Proposal for wikiproject: Medicinal botany

Wikipedia:WikiProject Council/Proposals/Medicinal botany

Project to organize botanical pharmaceutical research from traditional origins and modern science. This is to make it easier to document traditional medicines (Ayurveda, Amazonian, etc) that are passed down verbally and not written down. Mainly to preserve folk/traditional/passed down information on medicinal plants, while disclosing this. This rather than quickly erasing it, because the medical community says so, while keeping a focus on safety using modern unbiased research. Include ethnobotany, and modern science. There is no project covering this specific subject, and it would draw a lot of attention. - from page. - Sidelight12 Talk 19:30, 31 January 2013 (UTC)
A WikiProject is a group of people, not a topic. If you don't actually have a group of people, then you should consider merging with WP:WikiProject Alternative medicine, whose members are already interested in ethnobotany and related subjects. WhatamIdoing (talk) 18:20, 1 February 2013 (UTC)
It was premature, sorry. It should be a taskforce under plants, medicine or alternative medicine and linked from the other two, and possibly from other projects. I addressed some concerns on the proposal page. I put the page on hold, and left it as a blueprint. Sidelight12 Talk 21:52, 1 February 2013 (UTC)

Conversion to article

This can work out as an article rather than as a disambiguation page, although it may overlap with other articles. Sidelight12 Talk 19:34, 31 January 2013 (UTC)

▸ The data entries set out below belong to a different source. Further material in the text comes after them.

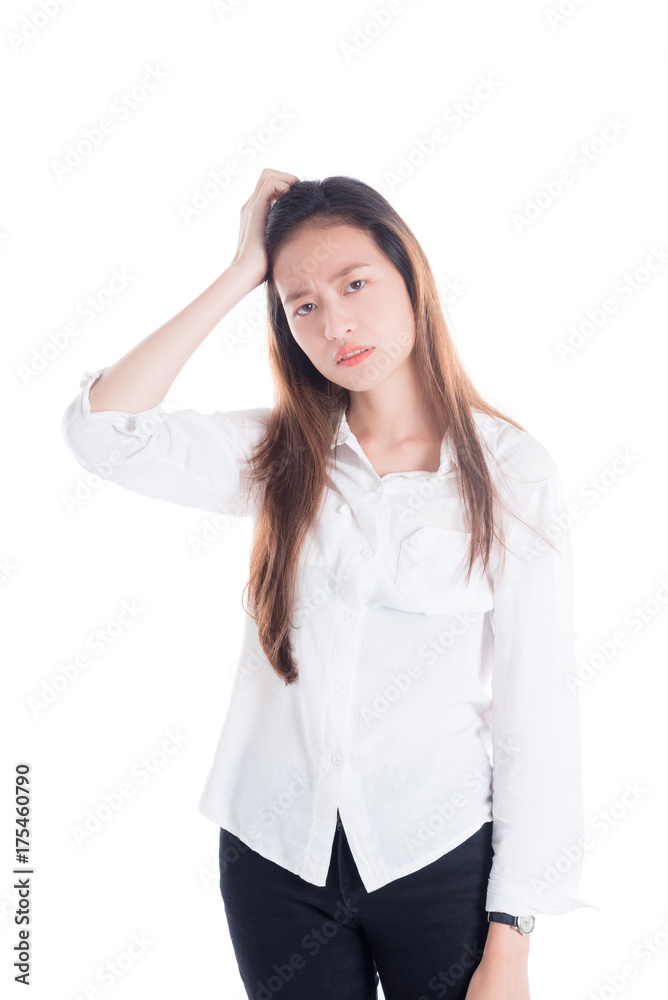 Beautiful young asian woman with unhappy face standing over white background Beautiful young asian woman with unhappy face standing over white background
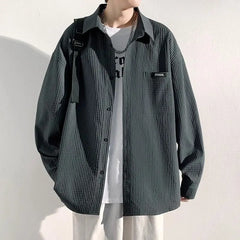 Spring Autumn New Fashion Turn-down Collar Long Sleeve Solid Color Striped Blouse Men's Clothing Korean Button All-match Shirts voguable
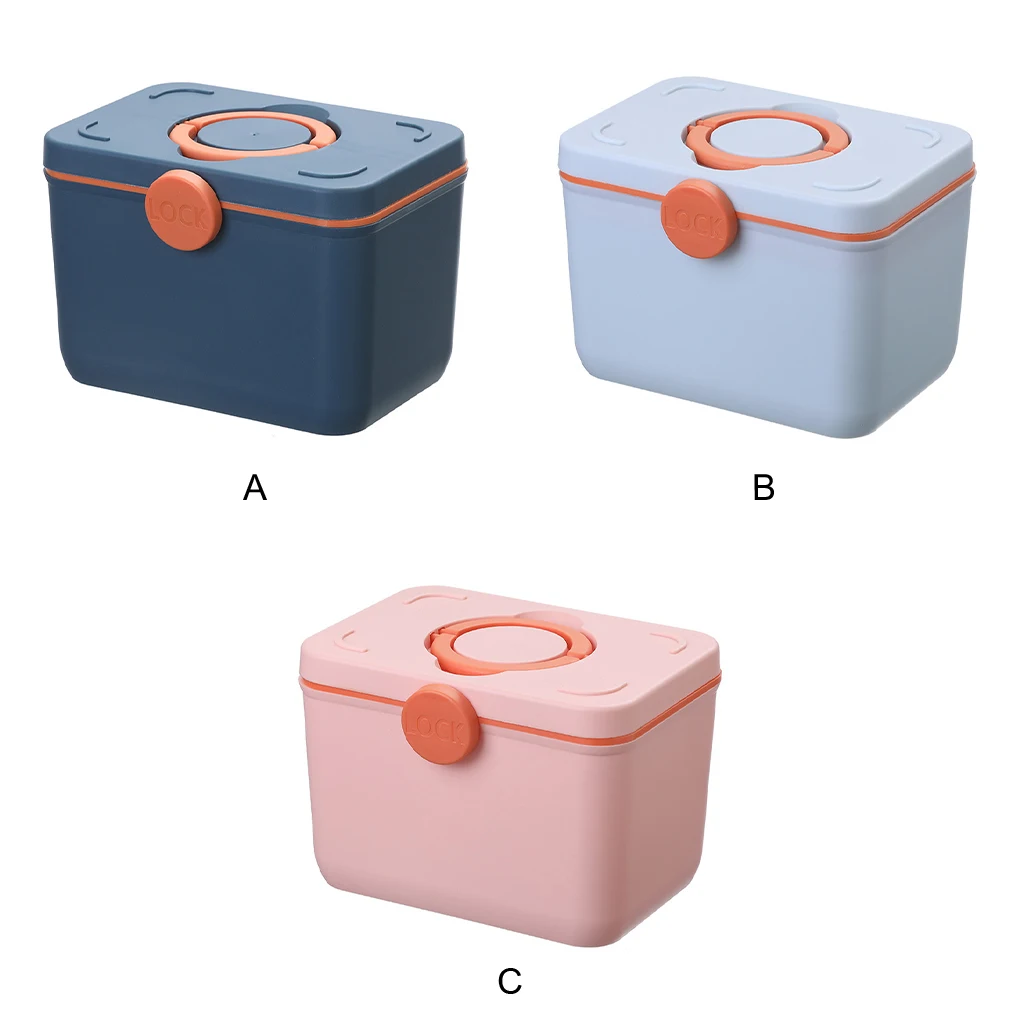 

First Aid Box Plastic Double Layer Storage Organizer Home Emergency Kit Case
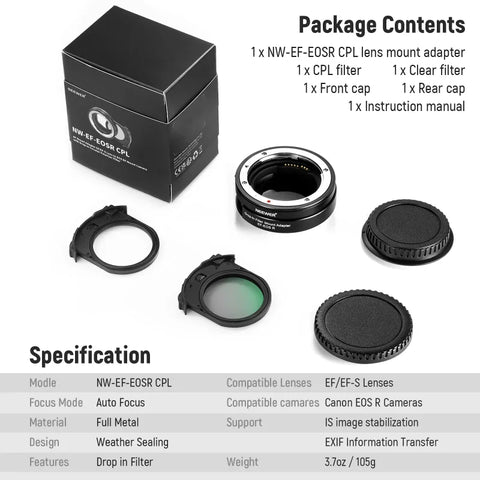 Neewer EF to RF Mount Adapter with Drop in CPL Filter | CameraStuff | South Africa Gauteng Online Shop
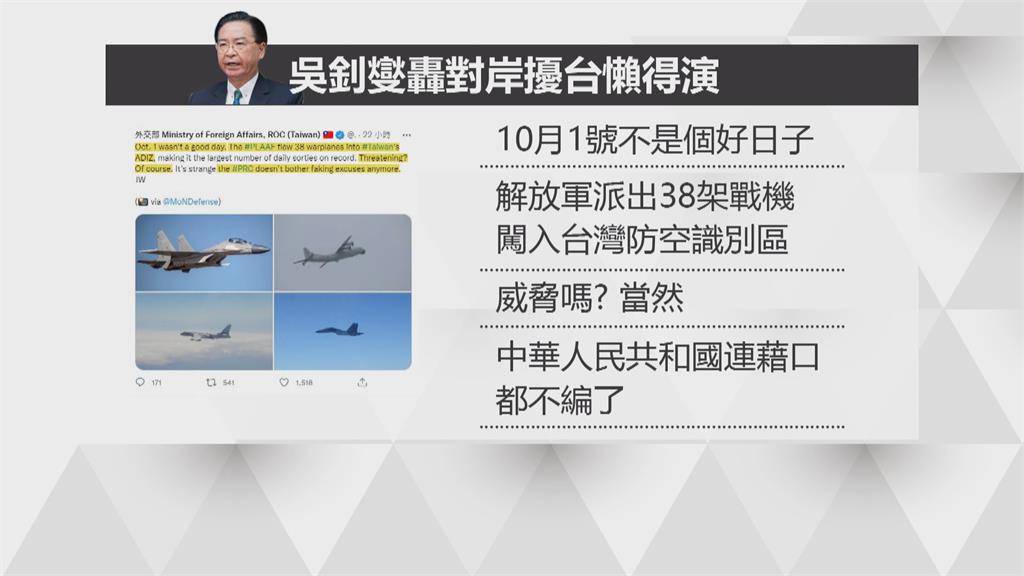 中軍機39架次擾台創新高 吳釗燮強硬回嗆 美軍機出聲警告中機 美國:不讓中國肆意破壞台海和平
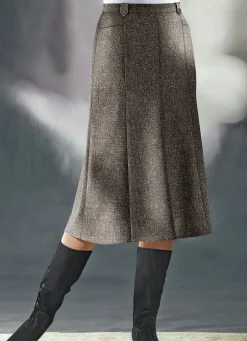 Best BADER Bahnenrock in Tweed mit Boucle-Effektgarn MOKKABRAUN MEL.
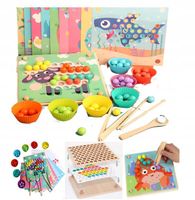 MONTESSORI DREWNIANA UKŁADANKA KULKAMI MONTESSORI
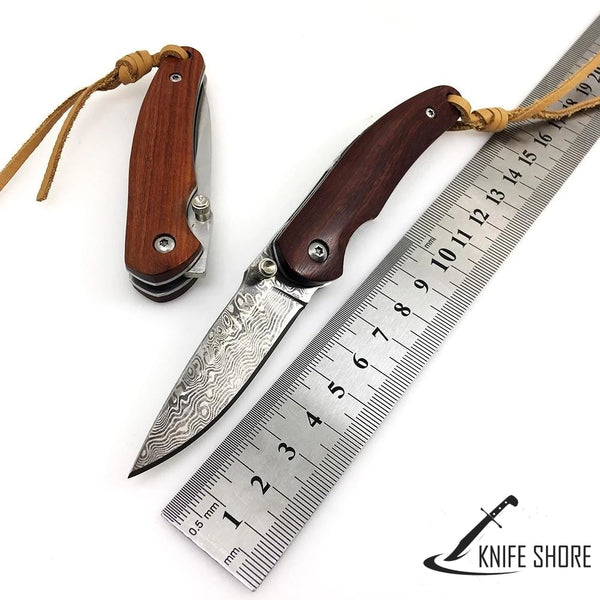 CAMPING FOLDING KNIFE WITH WOOD HANDLE - knifeshore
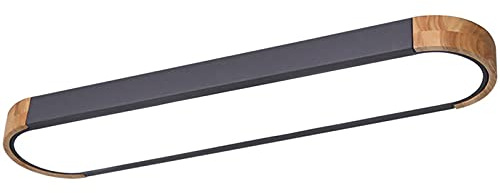 VOMI Grau Deckenlampe LED Vintage Wohnzimmer Schlafzimmer Deckenleuchte Dimmbar Flach Lang Rund Metall Holz Eiche Leuchte Küche Kinderzimmer Werkstatt Flur Büro Jugendzimmer Lampe 95cm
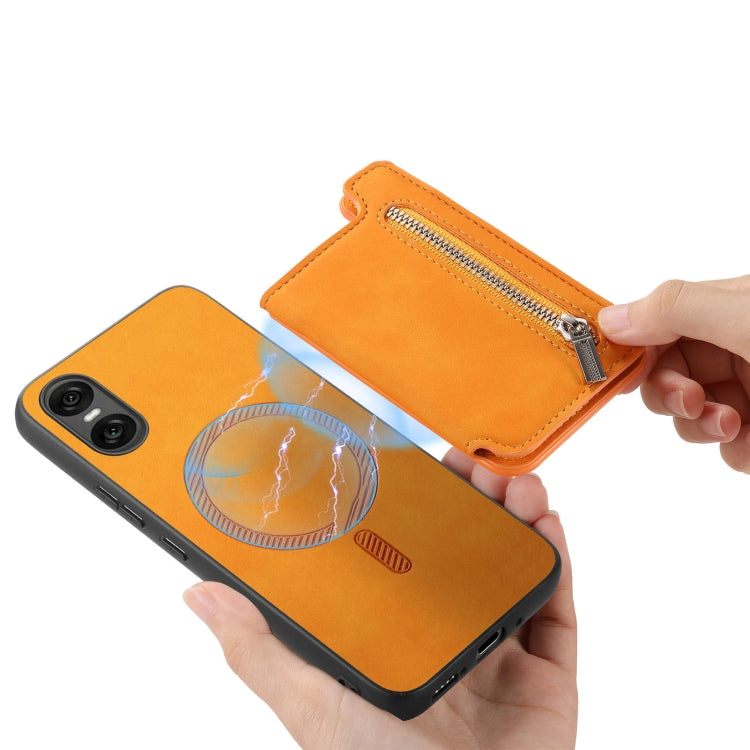 For Sony Xperia 1 VI Retro MagSafe Zipper Wallet Card Bag Back Phone Case(Yellow)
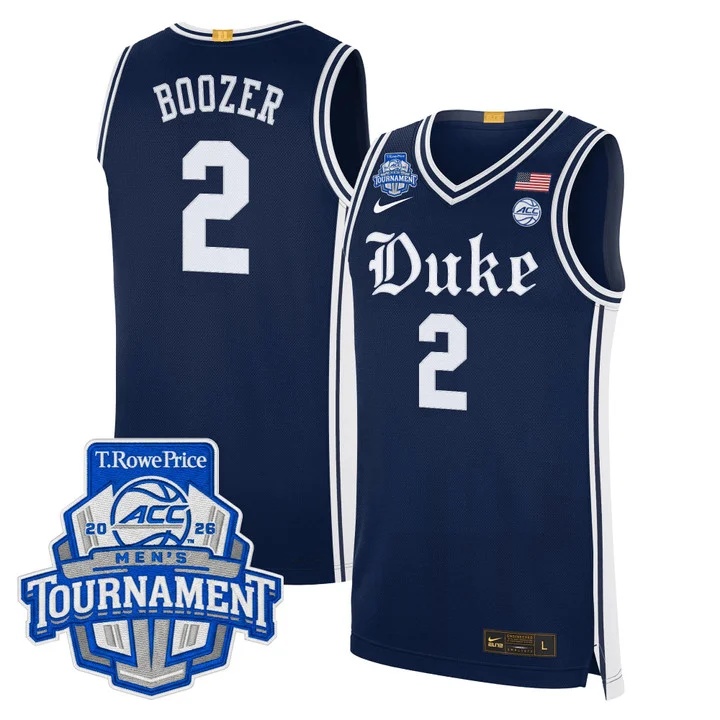 MEN'S DUKE BLUE DEVILS 2026 ACC CONFERENCE TOURNAMENT CHAMPIONS BASKETBALL JERSEY NAVY#2 CAYDEN BOOZER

Overlap is fine - just about everything worth having an article about overlaps with other things worth having an article about. However, this is a great opportunity to show how different aspects of medicinal plants relate to one another, and have developed historically. Cheers! bd2412 T 20:41, 31 January 2013 (UTC)
The more I researched and thought about it, the more it makes sense. The article Herbalism makes it sound as if it covers all of medicinal plants, which I think its just a major aspect and not the whole subject. Does anyone think they differ? Sidelight12 Talk 23:39, 31 January 2013 (UTC)

Definition

Herb in herbalism has two different definitions:

"a seed plant that does not develop persistent woody tissue but dies down at the end of a growing season" - Websters

"a plant or plant part valued for its medicinal, savory, or aromatic qualities" - Websters

Whether or not herbalism and medicinal plants are the exact subject or not, it seems like medicinal plants is better suited for overall medicines. Sidelight12 Talk 00:38, 1 February 2013 (UTC)

on article

This shouldn't merge into herbalism, because that is the wrong name for the subject. Information got crammed into herbalism that belongs in medicinal plants or phytotherapy. Herbalism is the traditional use of plants in medicine, it doesn't cover modern phytotherapy. This page should either be a disambiguation page to the two topics of phytotherapy and herbalism; merge with phytotherapy; herbalism needs a name change or information from herbalism needs to be moved to an appropriate article. Sidelight12 Talk 04:25, 5 March 2013 (UTC)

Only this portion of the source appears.